8. Quotes, estimates, and assessments
GoGreenSolar.com sells and installs solar energy solutions for homeowners. Due to the custom nature of the product and the additional work involved in installation, customers can request quotes and expert advice through the contact forms available on the company’s site. Self-serve quote requests save time and staff resources for businesses that provide highly technical services and products. In most cases, quotes are free and used as a sales tool.
Estimates or assessments that are more involved or require an in-person visit may be provided to potential customers at a cost. This is a great marketing tool for the business’ other services. For example, a business that provides home energy upgrades may sell energy audits through a website. The final report would then inform customers how they can recoup the audit cost through energy savings—by buying the business’ upgrades.

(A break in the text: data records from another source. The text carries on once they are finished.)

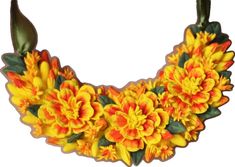 Autumn Necklace, Large Necklace, Orange Flowers, Flower Necklace, Orange, Pendant Necklace, Pendant, Flowers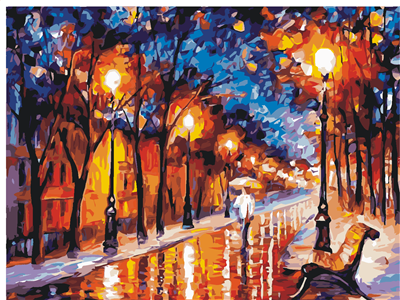 Pintar con numeros Camina en la calle de la lluvia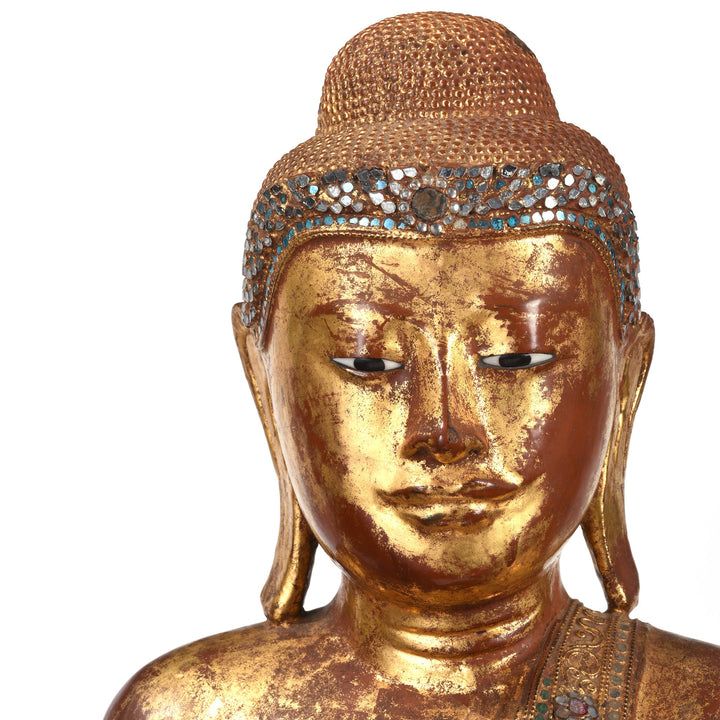 Gilded Teak Burmese Standing Buddha  from Mandalay - Early 20thC - 56 x 18 x 124 cm (WxDxH cms) - M400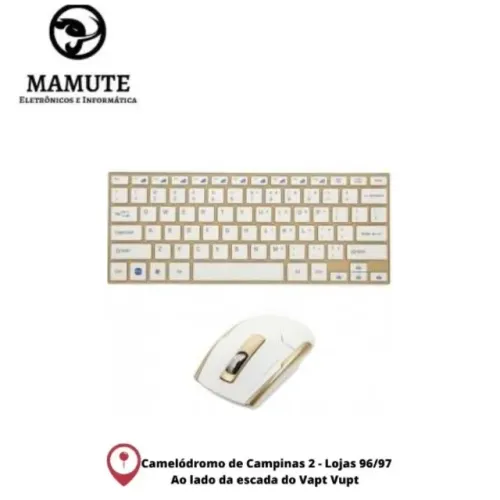 Teclado Mouse Sem Fio Hk-3910 Wifi 2.4 Ghz Slim iPad Tablet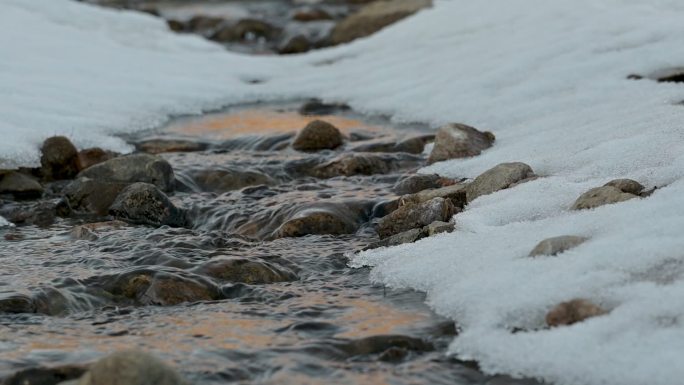 春天冰雪消融升格视频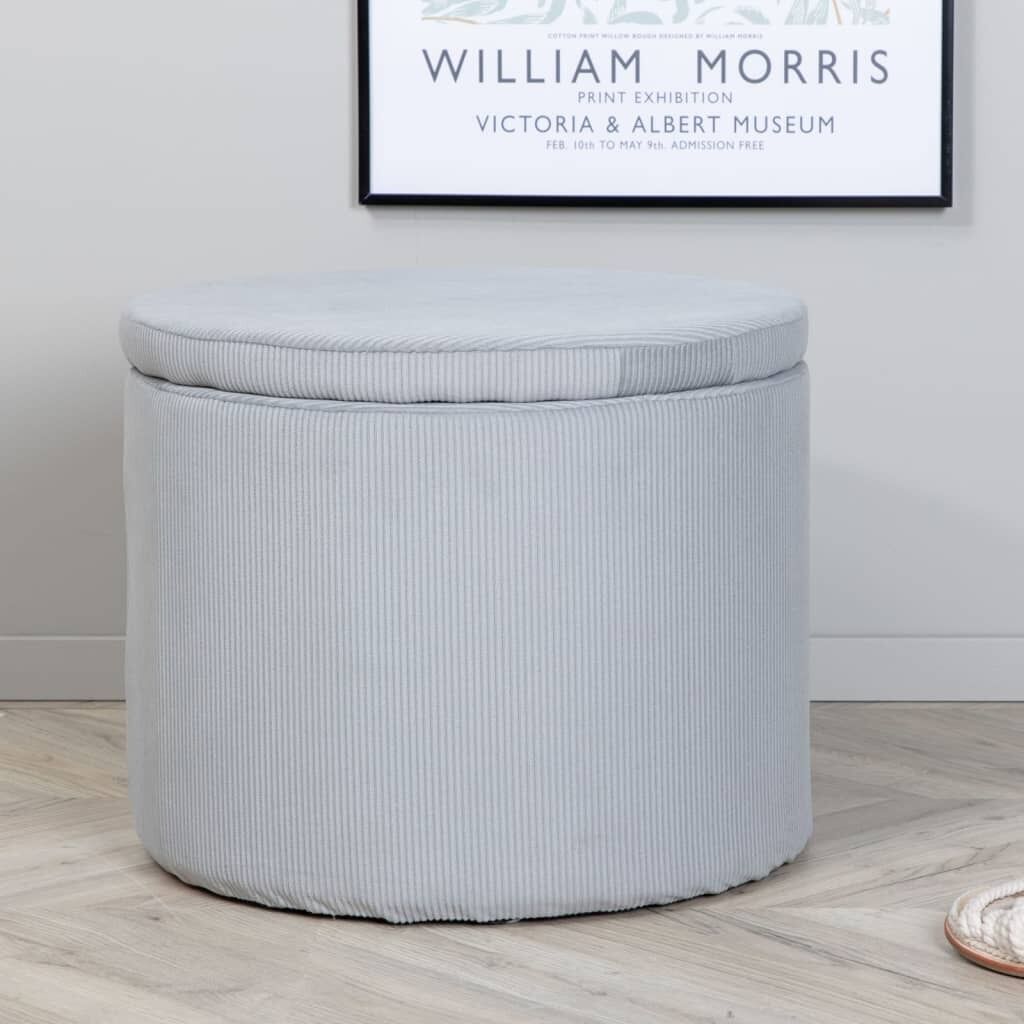 Pouf Dunken 51x51x43 Cm Velours Côtelé Gris Venture Home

💡 How to make it work: An app like Globo Request a Quote can help you gather customer quote requests from your store and convert that quote into a real order.
Many charities use Shopify as the merchandise arm of their organization, selling branded goods with profits supporting the cause. But charities and non-profits can also use an online store to “sell” one-time and recurring donations.
An Act of Dog is a registered charity that sells pet paintings, with proceeds supporting various animal rescue organizations. The company also lets customers donate directly to causes through the same website.
10. Event tickets
Event tickets can be sold easily online using apps designed for this purpose. Online ticketing can be employed by a number of businesses from event spaces to independent theatres to pop-up haunted houses.
Ticketing site Undertow works with select artists to sell tickets online for music events throughout the US. It uses a paperless delivery method, sending downloadable tickets to customers.
Run Across America uses ticketing in a different way, selling access to virtual run challenges that participants complete on their own schedule. Purchases include access to a tracking app and a sweatshirt.
💡 How to make it work: Design, sell, and scan event tickets with the Event Ticketing app that syncs with your Shopify store. Also, you may find Shopify’s free QR code generator helpful to create unique QR codes that customers can present at live events.
11. Digital gift cards
The simplest of non-tangible goods to add to any website is gift cards. From Shopify, you can enable gift cards for most stores. They’re perfect for any business, allowing recipients to redeem codes online for products or services sold through your website.
Home decor brand Apt2B sells branded gift cards in multiple denominations, redeemable for furniture and decor goods through its online store.
💡 How to make it work: Customize your gift card design using Shopify’s free template.
12. Live streams
While there are a number of ways to monetize online content through ads and tips directly on social platforms, creators can protect their independence by owning the process end to end.
Streaming site Fans Live sells tickets to livestream events that customers can access by logging into the site’s portal. The benefit of selling and hosting livestreams through your site is that the content and customer information is owned by you—not a third party.
💡 How to make it work: Integrate an app like Single with your Shopify store to monetize video content and streams, and get access to robust reporting.